*DIRECTIONS*.
Below, locate the line that contains "Un divertissement qui". Repeat exactly from that line to the line that contains "Napron pentru masă", inclusive, leaving out the pictures.

*MATERIAL PROVIDED*.
────────
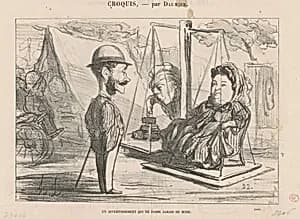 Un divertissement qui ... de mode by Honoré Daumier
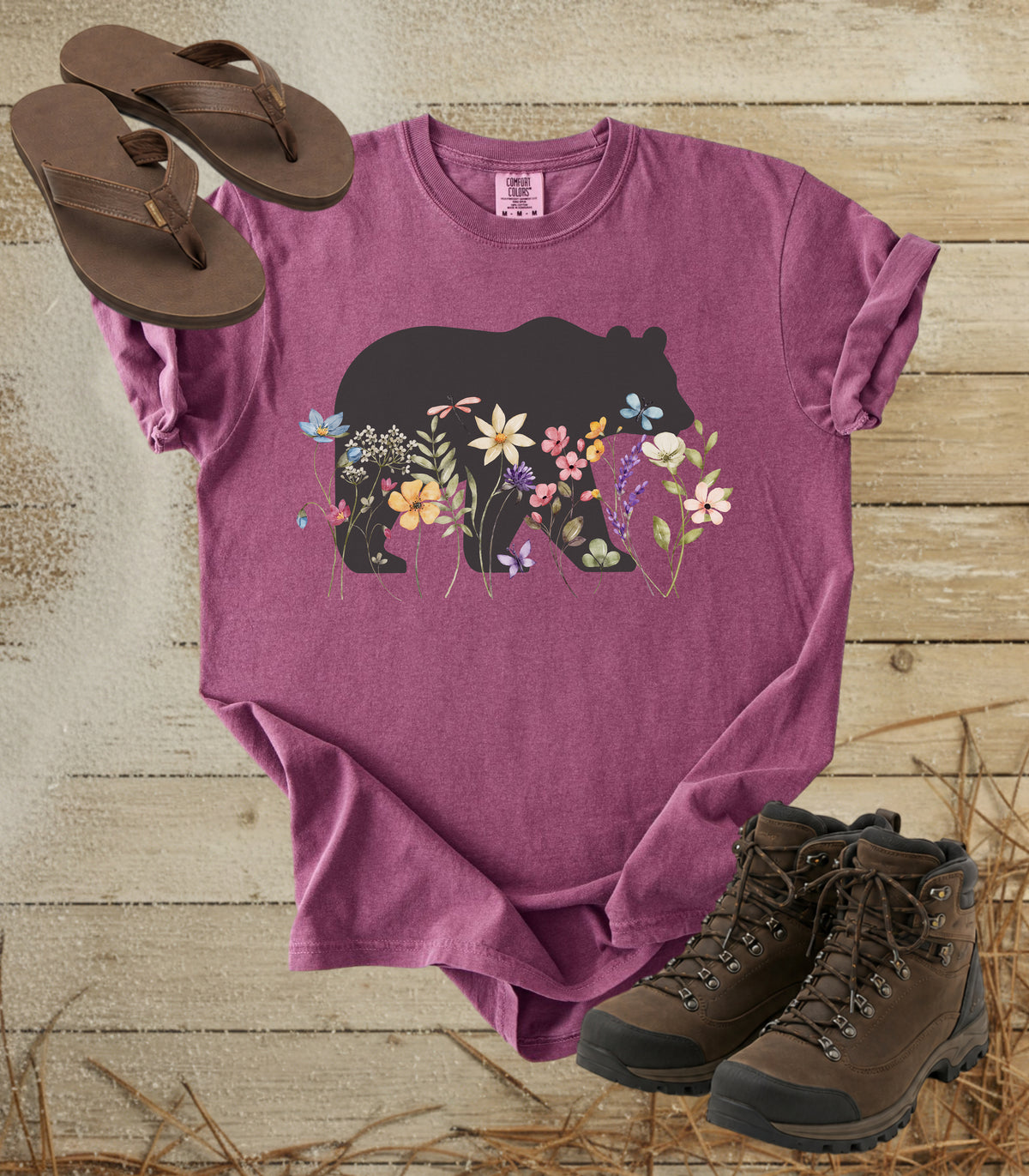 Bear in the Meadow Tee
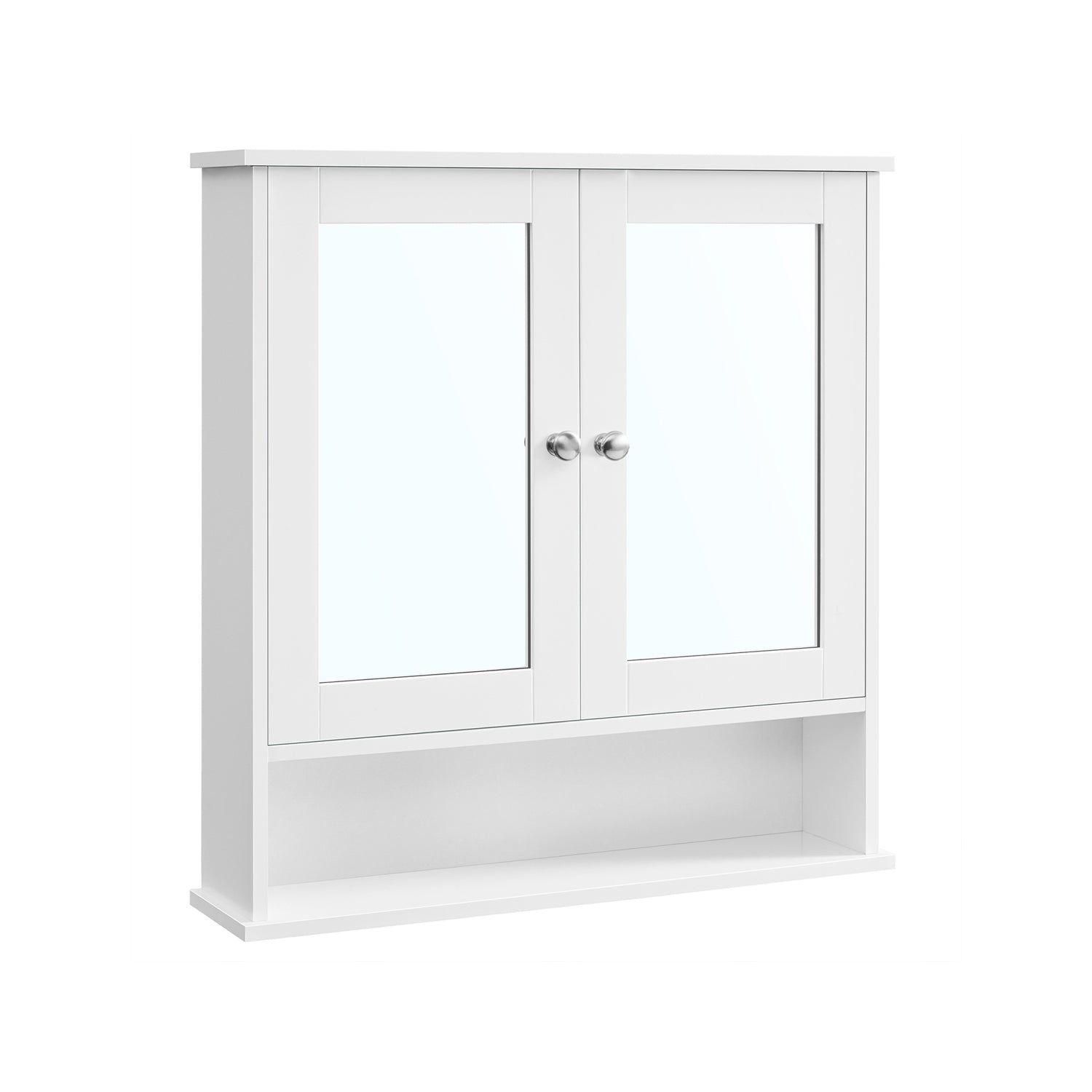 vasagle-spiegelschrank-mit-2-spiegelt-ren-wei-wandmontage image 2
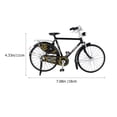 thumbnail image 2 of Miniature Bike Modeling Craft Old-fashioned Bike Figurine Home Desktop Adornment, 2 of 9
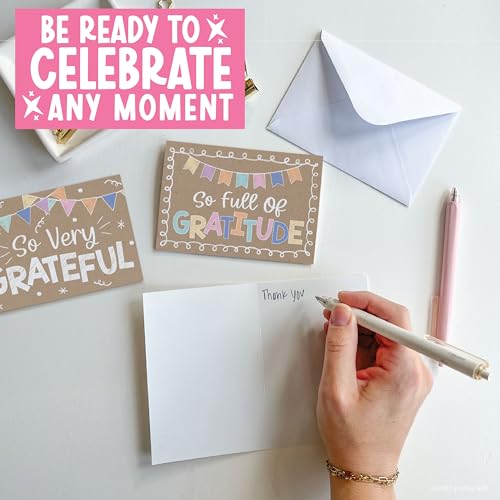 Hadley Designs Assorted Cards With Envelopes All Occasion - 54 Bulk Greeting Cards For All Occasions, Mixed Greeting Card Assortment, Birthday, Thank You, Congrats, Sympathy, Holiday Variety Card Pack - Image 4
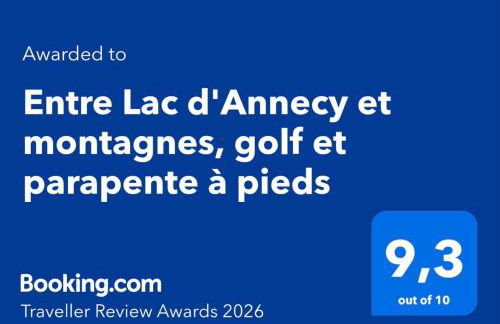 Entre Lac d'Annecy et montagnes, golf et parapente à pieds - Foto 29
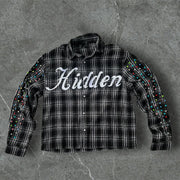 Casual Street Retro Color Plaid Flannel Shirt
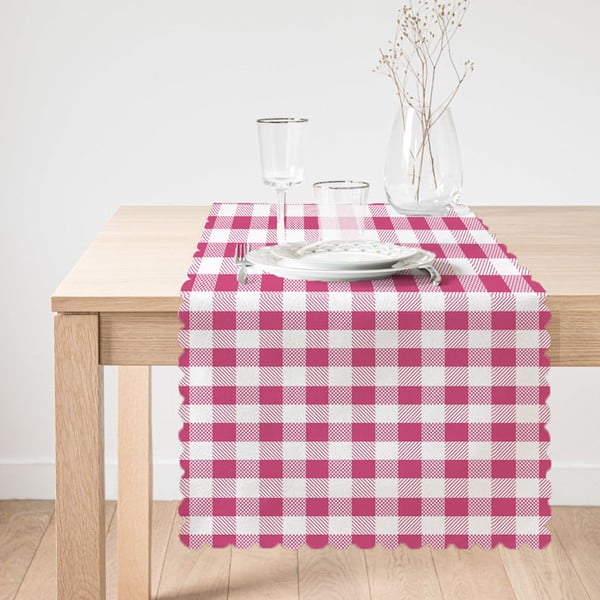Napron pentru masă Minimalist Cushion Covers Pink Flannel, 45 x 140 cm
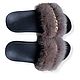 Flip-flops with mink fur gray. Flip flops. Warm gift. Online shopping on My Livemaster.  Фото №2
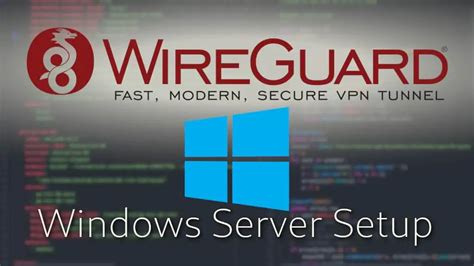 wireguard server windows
────────
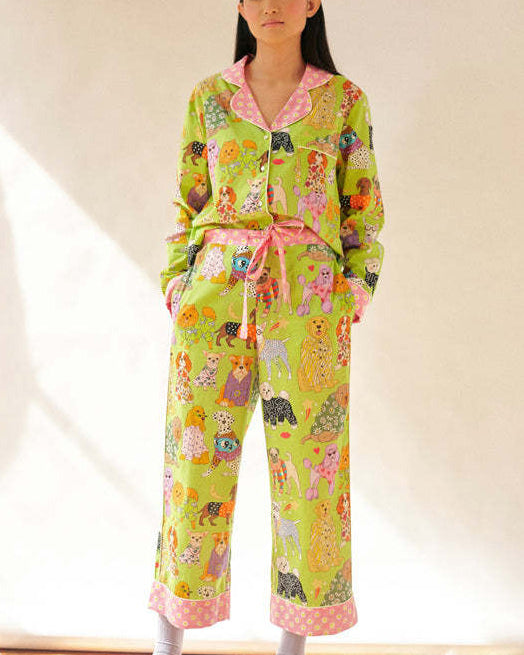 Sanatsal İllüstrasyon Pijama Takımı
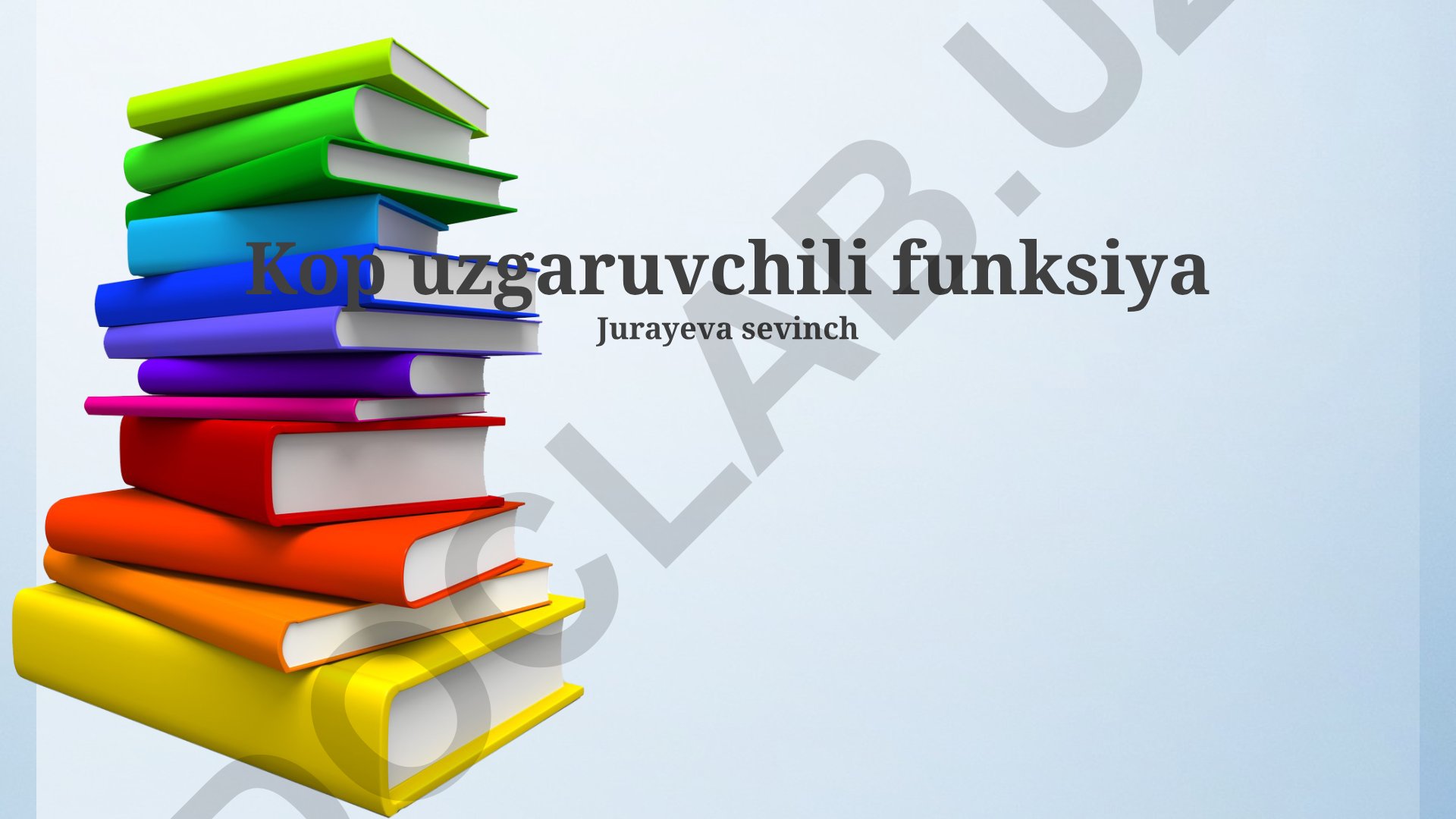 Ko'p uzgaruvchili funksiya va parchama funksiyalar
────────
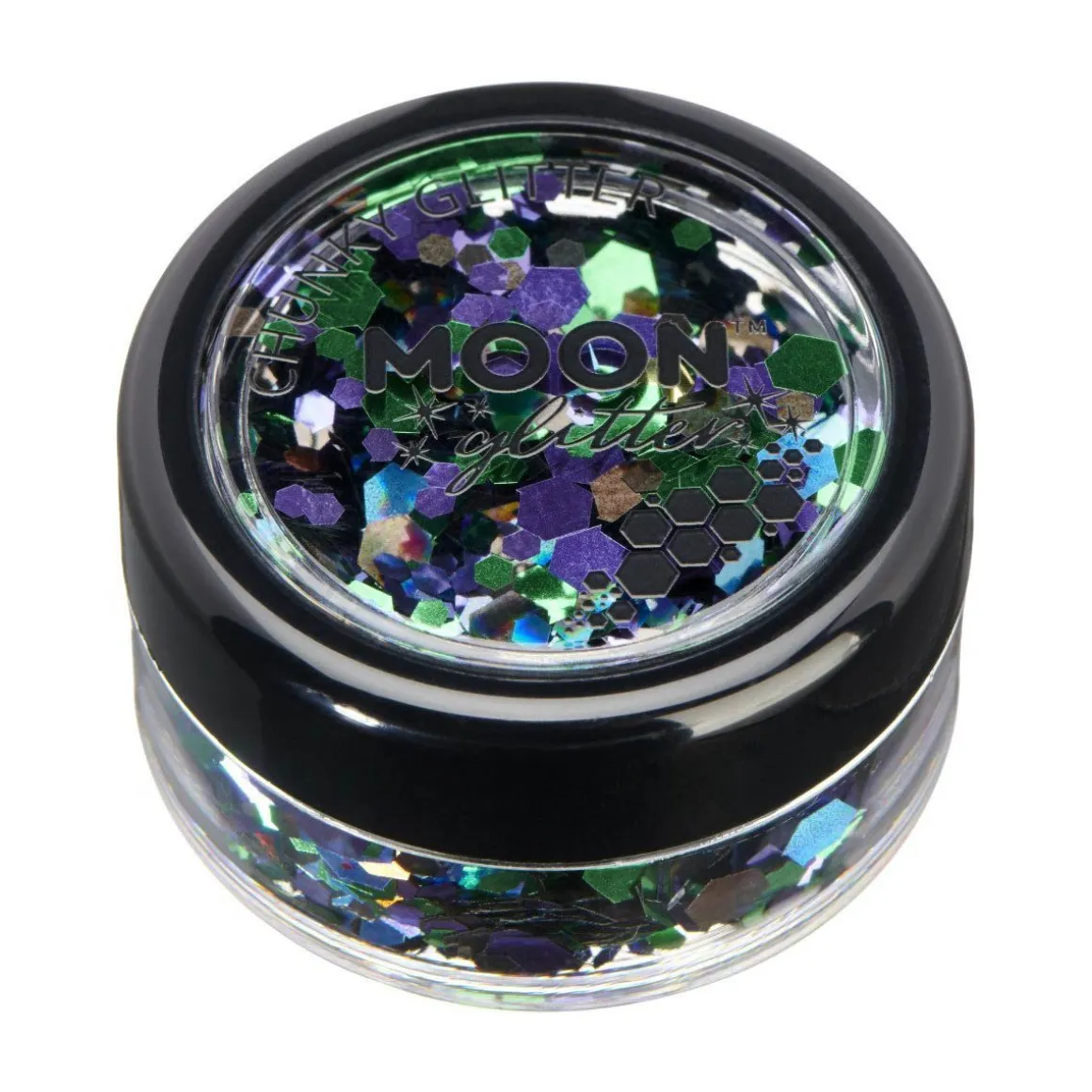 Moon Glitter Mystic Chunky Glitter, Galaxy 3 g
────────
*RESPONSE AREA*.
 Un divertissement qui ... de mode by Honoré Daumier
 Bear in the Meadow Tee
 vasagle-spiegelschrank-mit-2-spiegelt-ren-wei-wandmontage image 2
 thumbnail image 2 of Miniature Bike Modeling Craft Old-fashioned Bike Figurine Home Desktop Adornment, 2 of 9
 Hadley Designs Assorted Cards With Envelopes All Occasion - 54 Bulk Greeting Cards For All Occasions, Mixed Greeting Card Assortment, Birthday, Thank You, Congrats, Sympathy, Holiday Variety Card Pack - Image 4
 Entre Lac d'Annecy et montagnes, golf et parapente à pieds - Foto 29
 Casual Street Retro Color Plaid Flannel Shirt
Napron pentru masă Minimalist Cushion Covers Pink Flannel, 45 x 140 cm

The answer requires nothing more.